Work to complete
With pictures excluded, give again exactly the lines running from the one holding "Einachstraktor typu Ferrari" through the end of the listing below.

Input
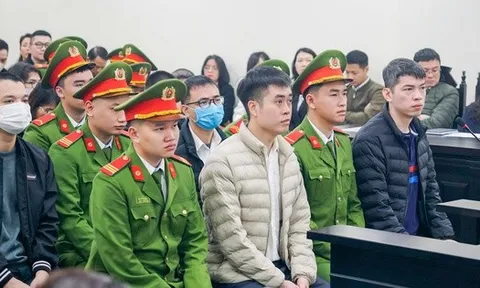 "Ông trùm" sản xuất sữa giả trị giá hơn 2.400 tỉ đồng bị đề nghị 25-28 năm tù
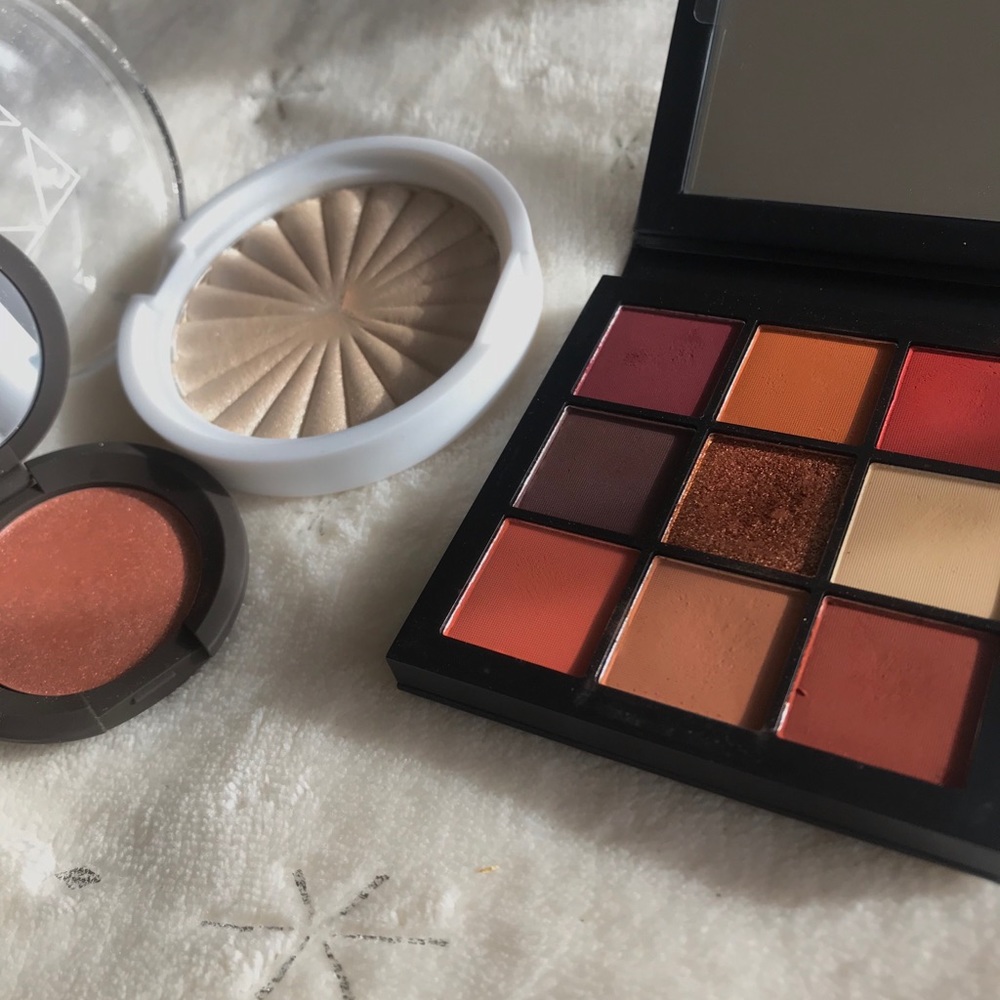 Huda Beauty pallete & highlighters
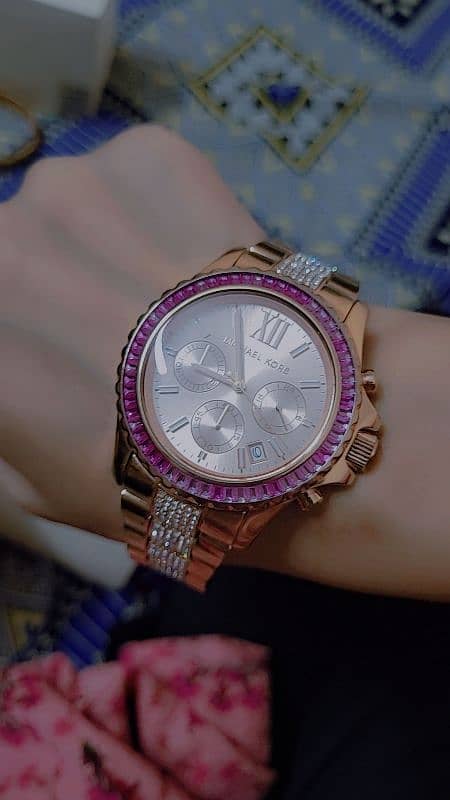 Micheal kors watch woman pink and golden colour 1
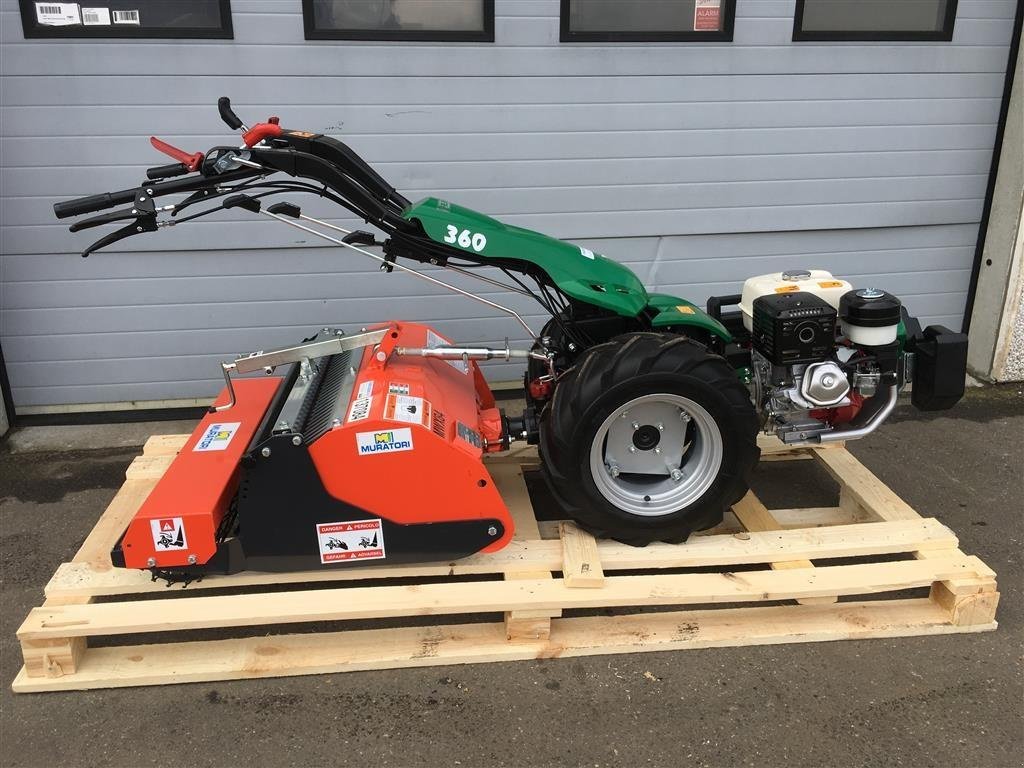 Einachstraktor typu Ferrari 360 - Honda Benzin SPAR 10.000,-!, Gebrauchtmaschine v Holstebro (Obrázek 1)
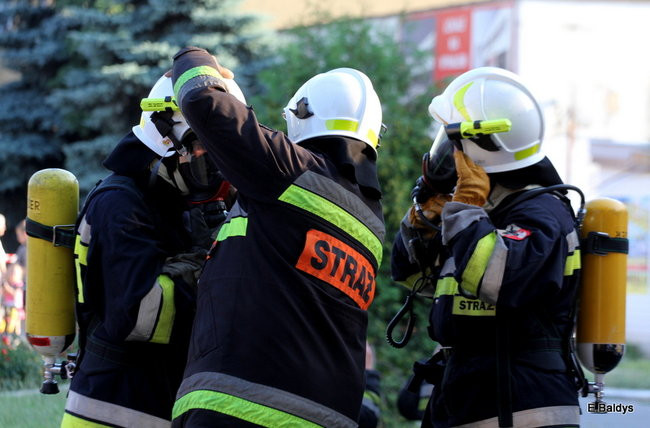 Pożar budynku przy ul. Dąbrowskiego (zdjęcia)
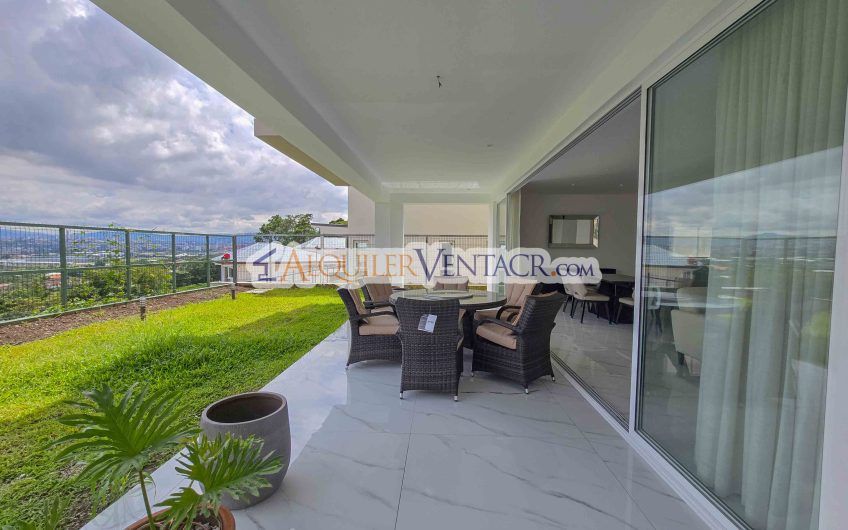 Para Estrenar! Casa de 305 m2 con 546 m2 de lote en Guachipelín Escazú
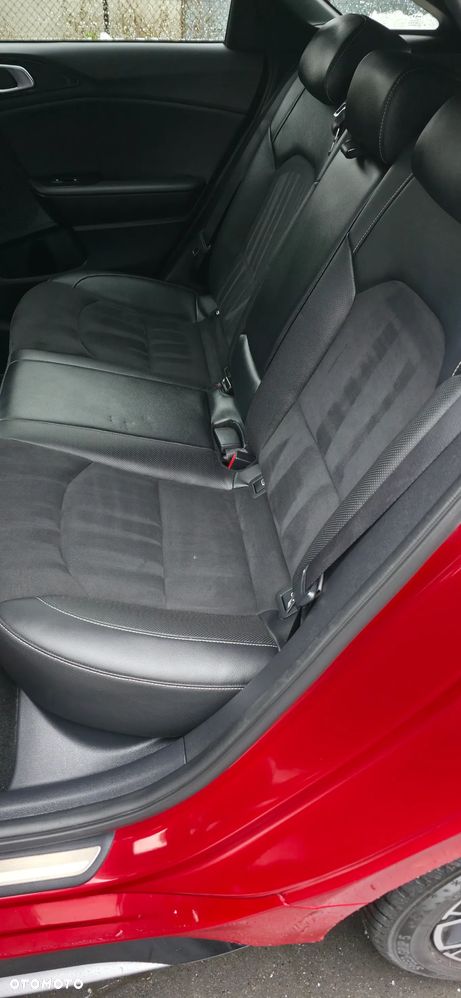 Kia ProCeed 1.5 T-GDI DCT7 OPF GT LINE - 17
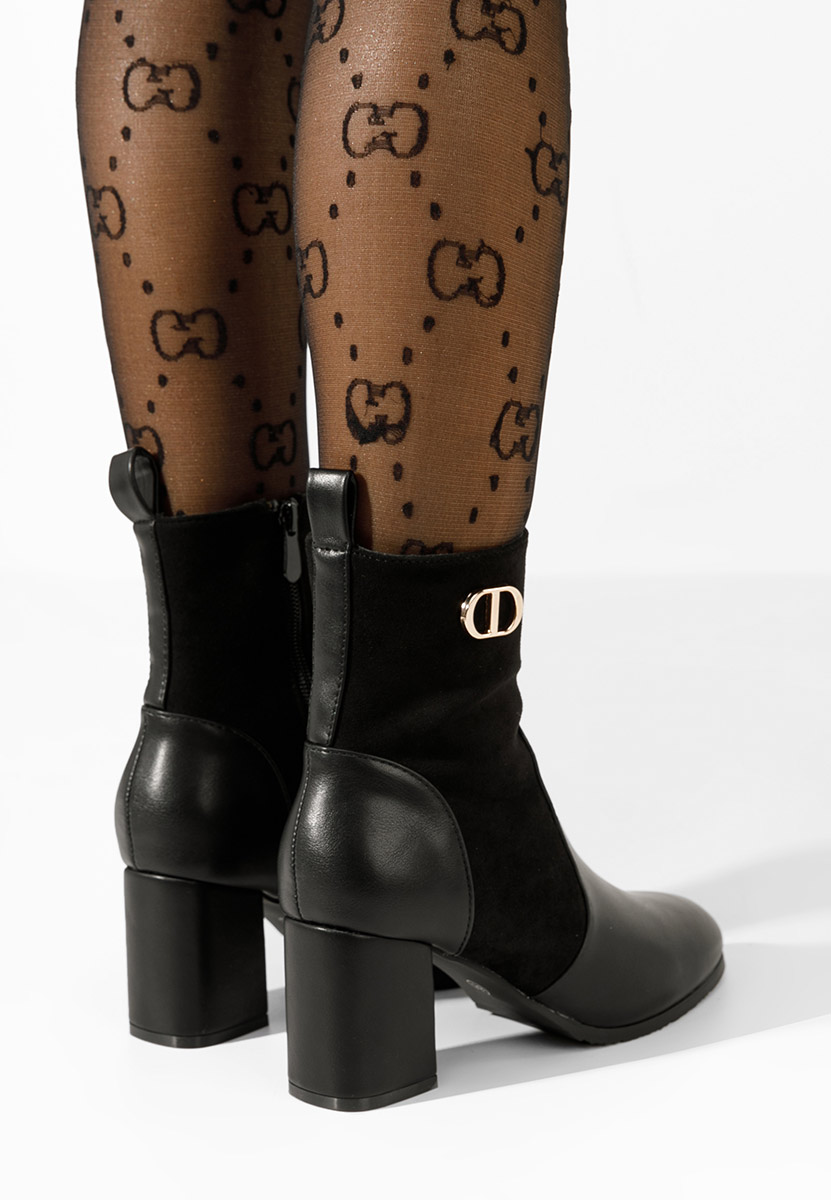 Czarne botki na słupku Sariah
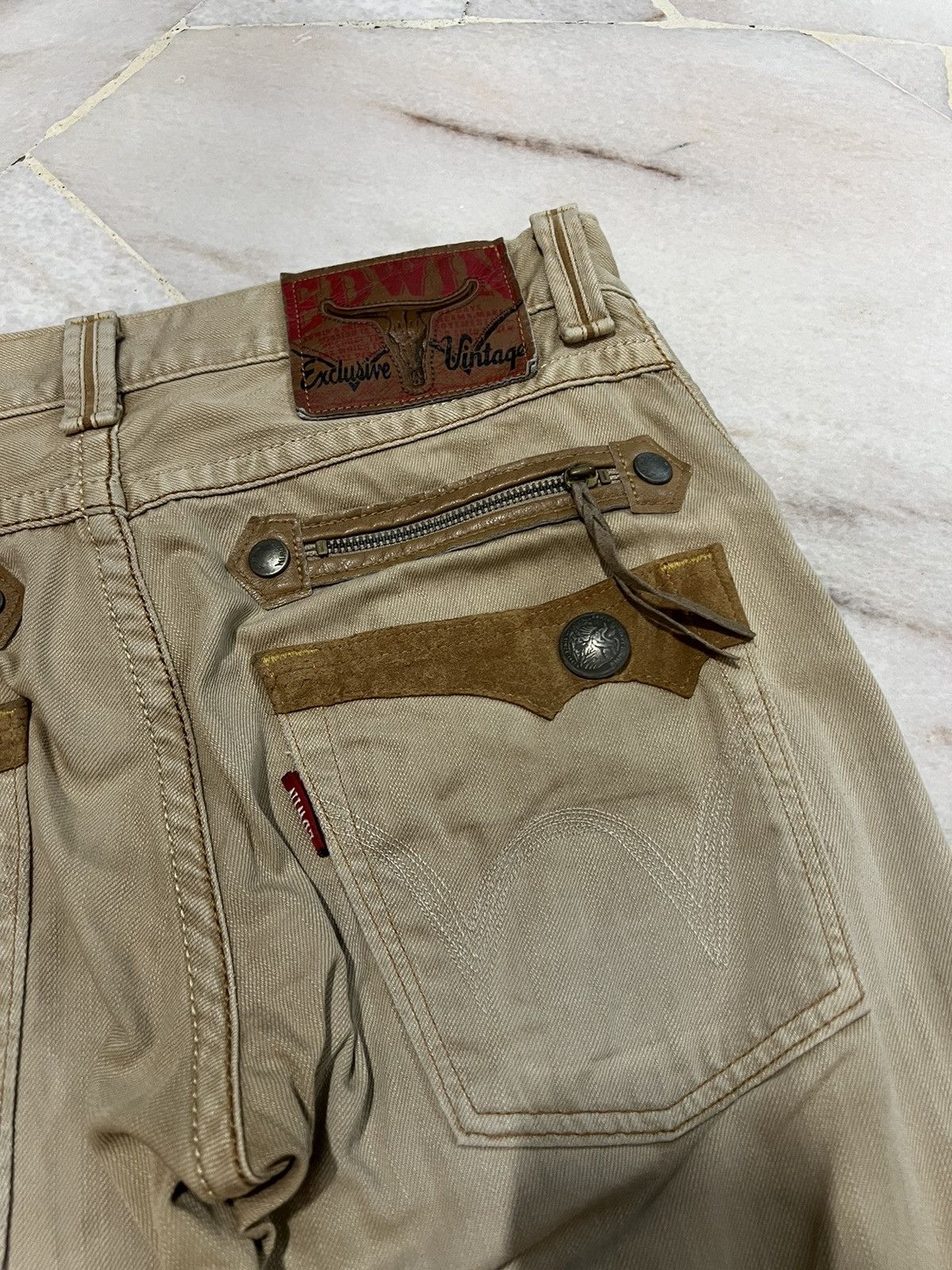 Edwin × If Six Was Nine EDWIN EXCLUSIVE VINTAGE BUFFALO HEAD RARE Size US 31 - 16 Thumbnail
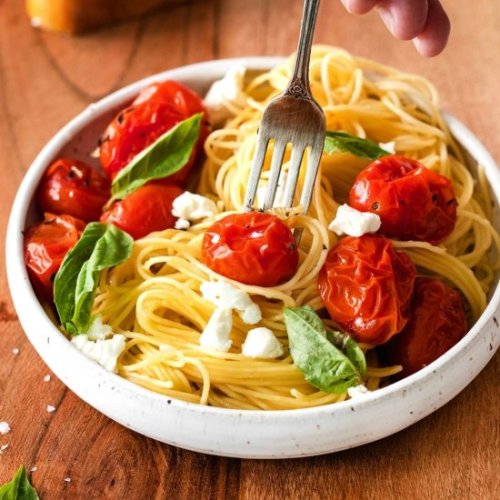 ROASTED TOMATOES GOAT CHEESE PASTA https://ift.tt/zd10Q9g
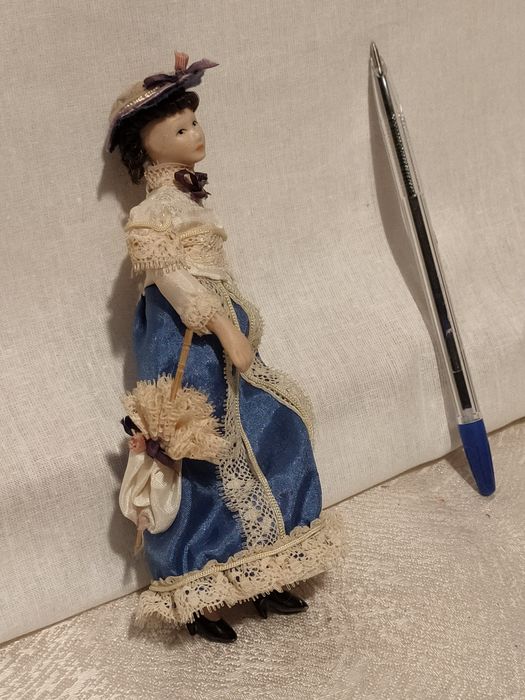 Boneca/ Dama Antiga em Porcelana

Result
 Einachstraktor typu Ferrari 360 - Honda Benzin SPAR 10.000,-!, Gebrauchtmaschine v Holstebro (Obrázek 1)
 Pożar budynku przy ul. Dąbrowskiego (zdjęcia)
 Para Estrenar! Casa de 305 m2 con 546 m2 de lote en Guachipelín Escazú
 Kia ProCeed 1.5 T-GDI DCT7 OPF GT LINE - 17
 Czarne botki na słupku Sariah
 Edwin × If Six Was Nine EDWIN EXCLUSIVE VINTAGE BUFFALO HEAD RARE Size US 31 - 16 Thumbnail
 ROASTED TOMATOES GOAT CHEESE PASTA https://ift.tt/zd10Q9g
 Boneca/ Dama Antiga em Porcelana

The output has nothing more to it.